La voix de l’auteur porte bien haut dès le départ et son flair visuel est indéniable. Aussi ses services seront utilisés à quelques reprises dans le monde du vidéoclip. On osera même le copier, la vidéo «All of the Lights» de Kanye West reprenant les codes esthétiques utilisés au générique d’ouverture stroboscopique d’Enter the Void.
Les montages du cinéaste d’origine argentine représentent une expérience en soi. À l’instar d’un Alejandro González Iñárritu, Noé privilégie les plans-séquences longue durée, en mouvement constant ou à l’inverse complètement statiques (pensons à cette scène insoutenable dans laquelle le personnage incarné par Monica Belluci, pour le film Irréversible, subissait un viol d’une durée elle aussi interminable). Un montage «passif-agressif» est utilisé en ce qui concerne Seul contre tous, avec zooms et travellings soudains, accompagnés de détonations de pétoires hurlantes.

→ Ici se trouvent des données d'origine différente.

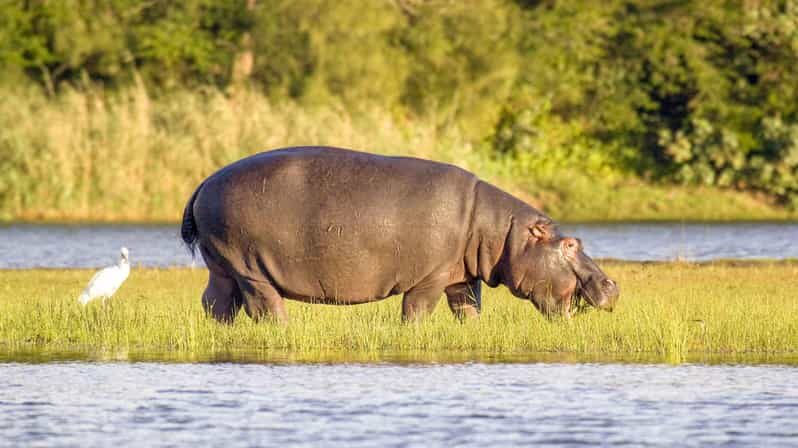HalfDay Hippo & Croc Boat Cruise Isimangaliso f Richards Bay - The Downsides: Things to Keep in Mind
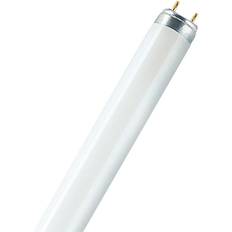 Billig Lysstoffrør Osram Lumilux T8 Fluorescent Lamp 36W G13 830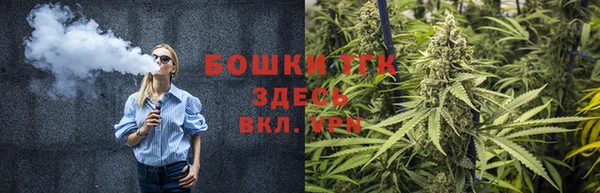 PSILOCYBIN Лиски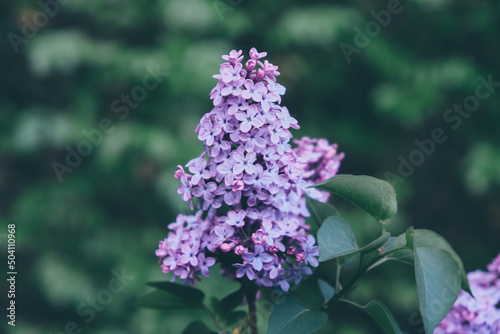 Beautiful fresh purple lilac flowers in full bloom in the garden, close up, selective focus. Blooming syringa vulgaris, floral spring background. photo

Les moments calmes ne le sont jamais vraiment, pour ainsi dire.
On dénote également une fascination pour les lieux crades et l’humanité dans ce qu’elle a de plus laid à montrer; personnages drogués, miséreux, paumés, malades ou tout simplement grotesques, accentués dans le cas de Seul contre tous par un grain gros et gras laissant à la pellicule cette impression de saleté intrinsèque.
Des films sensitifs, avec pour sujets, selon les propres mots de Noé, les «pulsions mammifères de l’être humain». Une exploration des sens, un (bad)trip hallucinogène ou simplement schizophrénique, une sortie de nos zones de confort, voir tout ça en même temps.
Voilà comment nous pourrions résumer l’expérience Noé, parfaitement exposée lors de son baptême.
Mon coup de coeur de Gaspar Noé: Enter the Void (2009), avec Nathaniel Brown, Paz de la Huerta et Cyril Roy.